▶ [TASK PROMPT]
From the first line to the last, write out the material exactly.

▶ [DATA EXTRACTS]
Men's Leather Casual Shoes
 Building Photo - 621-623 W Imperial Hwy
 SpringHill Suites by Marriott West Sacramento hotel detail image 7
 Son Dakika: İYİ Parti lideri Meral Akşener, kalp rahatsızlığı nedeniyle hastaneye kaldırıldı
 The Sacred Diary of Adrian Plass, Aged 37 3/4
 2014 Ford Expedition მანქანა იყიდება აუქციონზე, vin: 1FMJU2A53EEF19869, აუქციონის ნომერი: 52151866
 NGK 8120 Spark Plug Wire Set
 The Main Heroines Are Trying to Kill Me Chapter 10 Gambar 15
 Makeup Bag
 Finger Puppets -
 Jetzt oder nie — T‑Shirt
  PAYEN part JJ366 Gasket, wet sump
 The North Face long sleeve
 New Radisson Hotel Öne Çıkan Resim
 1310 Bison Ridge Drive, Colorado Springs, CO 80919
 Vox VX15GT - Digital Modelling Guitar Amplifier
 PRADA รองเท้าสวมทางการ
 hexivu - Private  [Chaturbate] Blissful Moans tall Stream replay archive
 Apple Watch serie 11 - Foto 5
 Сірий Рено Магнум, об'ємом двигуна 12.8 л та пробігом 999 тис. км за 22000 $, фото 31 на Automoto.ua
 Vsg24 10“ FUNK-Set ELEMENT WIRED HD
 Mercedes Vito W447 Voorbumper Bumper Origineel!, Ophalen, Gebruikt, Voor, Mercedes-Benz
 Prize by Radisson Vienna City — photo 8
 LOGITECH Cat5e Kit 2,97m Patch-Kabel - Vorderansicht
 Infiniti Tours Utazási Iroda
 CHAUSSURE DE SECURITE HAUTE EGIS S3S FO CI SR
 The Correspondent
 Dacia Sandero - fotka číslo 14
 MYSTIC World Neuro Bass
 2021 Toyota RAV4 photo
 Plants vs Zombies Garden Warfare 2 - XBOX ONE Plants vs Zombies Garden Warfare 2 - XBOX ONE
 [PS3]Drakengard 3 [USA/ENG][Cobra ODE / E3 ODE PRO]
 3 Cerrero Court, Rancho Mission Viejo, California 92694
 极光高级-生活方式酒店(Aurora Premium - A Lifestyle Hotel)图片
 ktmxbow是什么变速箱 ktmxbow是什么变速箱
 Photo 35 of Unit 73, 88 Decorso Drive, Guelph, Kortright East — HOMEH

▶ [EXERCISE OUTPUT]
Men's Leather Casual Shoes
 Building Photo - 621-623 W Imperial Hwy
 SpringHill Suites by Marriott West Sacramento hotel detail image 7
 Son Dakika: İYİ Parti lideri Meral Akşener, kalp rahatsızlığı nedeniyle hastaneye kaldırıldı
 The Sacred Diary of Adrian Plass, Aged 37 3/4
 2014 Ford Expedition მანქანა იყიდება აუქციონზე, vin: 1FMJU2A53EEF19869, აუქციონის ნომერი: 52151866
 NGK 8120 Spark Plug Wire Set
 The Main Heroines Are Trying to Kill Me Chapter 10 Gambar 15
 Makeup Bag
 Finger Puppets -
 Jetzt oder nie — T‑Shirt
  PAYEN part JJ366 Gasket, wet sump
 The North Face long sleeve
 New Radisson Hotel Öne Çıkan Resim
 1310 Bison Ridge Drive, Colorado Springs, CO 80919
 Vox VX15GT - Digital Modelling Guitar Amplifier
 PRADA รองเท้าสวมทางการ
 hexivu - Private  [Chaturbate] Blissful Moans tall Stream replay archive
 Apple Watch serie 11 - Foto 5
 Сірий Рено Магнум, об'ємом двигуна 12.8 л та пробігом 999 тис. км за 22000 $, фото 31 на Automoto.ua
 Vsg24 10“ FUNK-Set ELEMENT WIRED HD
 Mercedes Vito W447 Voorbumper Bumper Origineel!, Ophalen, Gebruikt, Voor, Mercedes-Benz
 Prize by Radisson Vienna City — photo 8
 LOGITECH Cat5e Kit 2,97m Patch-Kabel - Vorderansicht
 Infiniti Tours Utazási Iroda
 CHAUSSURE DE SECURITE HAUTE EGIS S3S FO CI SR
 The Correspondent
 Dacia Sandero - fotka číslo 14
 MYSTIC World Neuro Bass
 2021 Toyota RAV4 photo
 Plants vs Zombies Garden Warfare 2 - XBOX ONE Plants vs Zombies Garden Warfare 2 - XBOX ONE
 [PS3]Drakengard 3 [USA/ENG][Cobra ODE / E3 ODE PRO]
 3 Cerrero Court, Rancho Mission Viejo, California 92694
 极光高级-生活方式酒店(Aurora Premium - A Lifestyle Hotel)图片
 ktmxbow是什么变速箱 ktmxbow是什么变速箱
 Photo 35 of Unit 73, 88 Decorso Drive, Guelph, Kortright East — HOMEH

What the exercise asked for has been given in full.